The Ohio Streets team and most of our readers do work that require us to be on the road a lot more during this time of the year. Whether you’re a musician, photographer, etc. it can be easy to forget that we’re still on the clock while we’re on the road, because hitting the pavement typically equates to vacationing for most folks.
Although we may be able to easily say no to distractions at home, staying focused on the road is an entirely different animal. We find ourselves wanting to explore new cities, chase new experiences, link up with people that we’re finally close in distance to, enjoy nightlife, expose ourselves to unique cultures and just embrace as many new vibes as we can.
I have traveled to a few cities in the past month myself and all of the trips were meant to be productive. However, I found myself getting little work done and spending most of my time vacationing. But over the years I’ve come up with many tricks to keep myself focused and I recently took some time to adjust these methods so that they work while I’m on the go. If you get the urge to slack off with everyone else around you while you’re traveling, consider trying my 4 tips on staying productive in the midst of fun distractions.
1. Count Out Your 8 Hour Shifts
If whatever you’re doing on the road is your job, or you hope that it will be some day, then you need to treat it as such. Your competition is putting in overtime nearly everyday, so the least that you can do is put in your 40 hours a week. Whether you’re on your trip to network, record music, film, blog, perform, etc. you should be counting out your 8 hours of work each day. That’s not asking for too much, you’ll still be able to enjoy the city in your down time.

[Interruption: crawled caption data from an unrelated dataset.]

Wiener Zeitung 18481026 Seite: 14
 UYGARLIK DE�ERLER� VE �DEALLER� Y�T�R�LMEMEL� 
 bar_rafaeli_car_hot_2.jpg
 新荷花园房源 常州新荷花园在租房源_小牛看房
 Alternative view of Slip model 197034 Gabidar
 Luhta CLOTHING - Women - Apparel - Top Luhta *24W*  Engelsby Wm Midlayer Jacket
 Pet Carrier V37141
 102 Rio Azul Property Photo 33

When you’re at a 9 to 5 you don’t have the freedom of walking out whenever you want, fixing food freely, answering your phone, or browsing the web. When you’re “clocked” in on the road you need create a similar structure for yourself. Let everyone around you know that you’re working until 5, or whatever other hours you set for yourself that day, and make sure that they respect that. Create a schedule each day, fitting in time for work and play. If you stick to the hours that you set for yourself, you’ll find that you get a lot more done than if you were to aimlessly work here and there.
2. Make Sure That Everyone’s on the Same Page
The biggest distractions can come from the people around you. If most of the people that you traveled with aren’t doing any work then you’ll constantly be tempted to go out and have fun with them. When you’re on a mission, make sure you’re traveling with people that are on a mission as well. This way you’re not tempted to slack off and even if you do, you’ll have someone there to hold you accountable for your actions and encourage to get focused.
3. Create Rewards For Yourself
To insure that you’re getting your work done during trips, tell yourself “I can only go here, hang out with them, shop there, or try that if I get such and such done beforehand”. If you really care about enjoying your free time on the road and you’re able to hold yourself accountable, then you’ll definitely make sure that you get whatever work you have done in a timely manner. Having a good time feels so much better when you know that you tackled your to-do list head on.
4. Take Care of Your Body
I know how hard it can be to catch up on sleep and eat well while you’re in an unfamiliar place, but making sure that you have enough energy to go around is essential to staying focused.
Pulling all-nighters and taking naps whenever you can is a must for many of us, especially during short trips. But on the trips that you know you have more work than usual you may just have to sacrifice that party, concert, or dinner with friends to catch up on some sleep before your next “shift”.
Many of us believe that we work better under pressure, but studies continuously show that this isn’t the case. When your body is well taken care of you’ll be able to get more, quality work done in shorter periods of time. Stay away from fast foods, drink more water, and nap when you can.